Talk about a speed bump. NASA's Mars rover Curiosity has discovered its first meteorite on the Red Planet, and it's no puny space rock.

The newfound Mars meteorite, which scientist have named "Lebanon," is nearly 7 feet (2 meters) wide and made of iron. Photos of the meteorite taken by Curiosity also revealed a smaller companion nearby, which is now dubbed "Lebanon B."

"That 'Lebanon' is huge, almost 7 feet," said NASA spokesman Guy Webster from the agency's Jet Propulsion Laboratory in California. While NASA released a detailed photo of the Lebanon meteorites Tuesday (July 15), the Curiosity rover actually discovered the space rocks on May 25. [Mars Meteorites Found on Earth (Photos)]

Webster said Curiosity also found a third meteorite at the same time it spotted the Lebanon rocks. In a raw, unprocessed photo from Curiosity, the third meteorite — which is also about 7 feet wide — can be seen just beyond the closer Lebanon meteorites.

"Heavy Metal! I found an iron meteorite on Mars," Curiosity's handlers wrote on the mission's Twitter page.

Altogether, the three meteorites are the first space rocks on Mars discovered by the Curiosity rover since it landed on the Red Planet in August 2012, Webster added.

Curiosity snapped detailed photos of the main Lebanon meteorite using its high-resolution Chem-Cam and Remote Micro-Imager cameras. The images revealed strange angular cavities in the surface of the rock.
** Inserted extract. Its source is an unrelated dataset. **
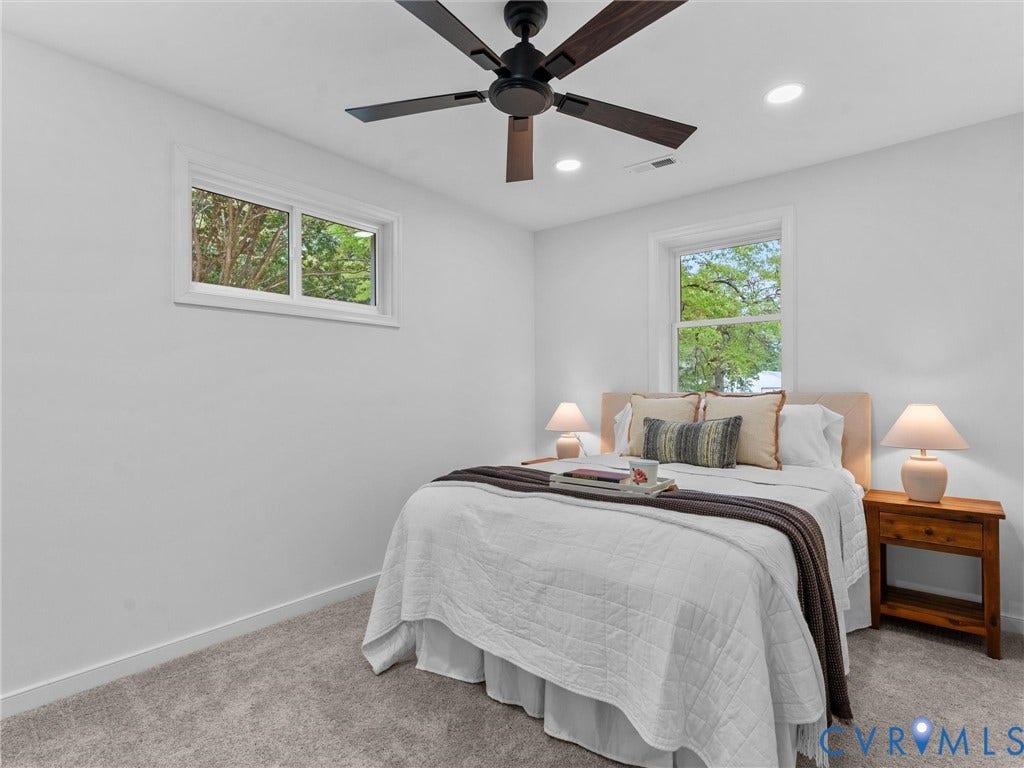 3626 Reynolds Road, Richmond, VA 23223 Recessed lighting, ceiling fan with wood-finish blades, white walls, and light gray carpet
"One possible explanation is that they resulted from preferential erosion along crystalline boundaries within the metal of the rock," NASA officials wrote in a statement. "Another possibility is that these cavities once contained olivine crystals, which can be found in a rare type of stony-iron meteorites called pallasites, thought to have been formed near the core-mantle boundary within an asteroid."

Meteorites have been discovered by Spirit and Opportunity, two smaller NASA rovers that landed on Mars in 2004. Opportunity is still active today, though its twin Spirit gave up the ghost in 2011.

On Aug. 5, Curiosity will celebrate its second Earth-year anniversary on Mars. Since landing in 2012, the rover has found evidence that Mars could have been habitable for primitive life — a major mission goal —and has been making its way toward the huge Mount Sharp, which rises from the center of its Gale Crater landing site.